Riesbach is a district in the Swiss city of Zürich. It is District number 8.

History 
The district comprises the quarters Seefeld, Mühlebach and Weinegg. Riesbach was formerly a municipality of its own, having been incorporated into Zürich in 1893.

Quaianlagen 

As the old bathhouse had to make place for the construction of so-called Seeuferanlage quais, the then independent municipality of Riesbach built the two new bathing facilities Strandbad Tiefenbrunnen (1886) at Zürichhorn and Seebad Utoquai (1890) at Utoquai.

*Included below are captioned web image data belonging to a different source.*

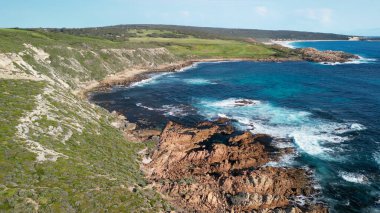 Kanal Kayalıkları 'nın sahil şeridi, Yellingup, Margaret Nehri Bölgesi.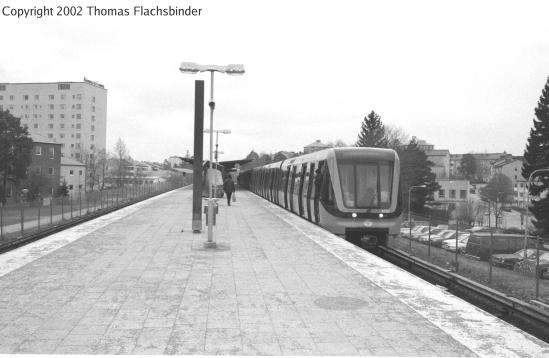Bandhagen, northbound train arriving
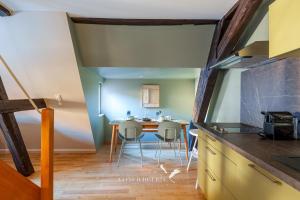 Pistachio Duplex Apartment - Hypercentre Colmar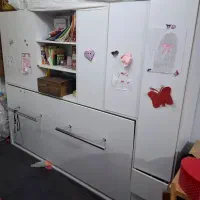 تخت کم جا، کمد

Hafen Riesbach, meaning Riesbach harbour area is situated between Seefeldquai and Blatterwiese. The harbour itself is as the Enge harbour used as a private-owned marina. 2004, the old kiosk at the popular open lido at Riesbachstrasse was replaced by a polygonal pavilion was designed by the architects Andreas Furrimann and Gabrielle Hächler, and now houses a small restaurant. As well as the Seefeldquai, it is part of the historical Quaianlagen, and combines park designs from different design periods. The stone pillar Klausstud originally stood in the lake and served as a border designation of the medieval right of ban of the city republic of Zürich. At that place also ended the fishing rights of the urban fishermen, and from here the Einsiedeln Abbey pilgrims proved their honour to the Protestantic city by lowering the volume of their prayers and songs. Since the landfills in the construction of the quais, the pillar stands in the middle of the park. The sculpture by Henry Moore is named Sheep Piece, and was donated in 1976. The Centre Le Corbusier or Heidi Weber Museum, an art museum dedicated to the work of the Swiss architect Le Corbusier, is situated between Seefeldquai and Blatterwiese. Between Blatterwiese and Bellerivestrasse, in 1993 the Chinese Garden Zürich was inaugurated.